(Caption-style text data)
————

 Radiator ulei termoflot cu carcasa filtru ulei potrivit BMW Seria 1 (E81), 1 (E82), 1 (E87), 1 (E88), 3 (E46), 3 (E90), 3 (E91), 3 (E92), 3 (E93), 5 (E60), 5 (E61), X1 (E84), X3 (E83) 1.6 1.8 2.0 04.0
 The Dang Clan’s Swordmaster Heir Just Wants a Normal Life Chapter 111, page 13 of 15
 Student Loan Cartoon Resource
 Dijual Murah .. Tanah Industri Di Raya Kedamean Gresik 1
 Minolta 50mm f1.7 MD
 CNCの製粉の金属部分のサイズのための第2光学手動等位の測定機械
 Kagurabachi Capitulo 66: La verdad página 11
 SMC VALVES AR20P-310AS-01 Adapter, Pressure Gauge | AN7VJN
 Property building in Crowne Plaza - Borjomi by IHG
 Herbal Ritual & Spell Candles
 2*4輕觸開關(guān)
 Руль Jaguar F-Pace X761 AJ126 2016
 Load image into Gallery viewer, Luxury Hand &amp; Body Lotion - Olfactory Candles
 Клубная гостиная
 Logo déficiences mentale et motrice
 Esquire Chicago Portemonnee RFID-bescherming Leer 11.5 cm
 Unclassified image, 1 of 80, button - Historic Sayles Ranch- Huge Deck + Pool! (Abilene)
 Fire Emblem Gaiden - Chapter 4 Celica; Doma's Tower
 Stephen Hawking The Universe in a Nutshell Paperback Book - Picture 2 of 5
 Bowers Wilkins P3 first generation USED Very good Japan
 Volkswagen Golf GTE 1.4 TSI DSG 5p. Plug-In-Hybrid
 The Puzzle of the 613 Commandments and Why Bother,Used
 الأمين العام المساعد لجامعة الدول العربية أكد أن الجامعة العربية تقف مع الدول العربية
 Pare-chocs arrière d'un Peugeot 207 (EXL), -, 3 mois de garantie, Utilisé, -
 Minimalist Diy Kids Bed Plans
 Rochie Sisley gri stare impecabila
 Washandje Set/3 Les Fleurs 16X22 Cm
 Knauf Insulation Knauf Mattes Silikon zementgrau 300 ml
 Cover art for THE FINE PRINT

————

Exercise prompt:
Copy every line from the data that includes the string "Chapter".

Final answer:
 The Dang Clan’s Swordmaster Heir Just Wants a Normal Life Chapter 111, page 13 of 15
 Fire Emblem Gaiden - Chapter 4 Celica; Doma's Tower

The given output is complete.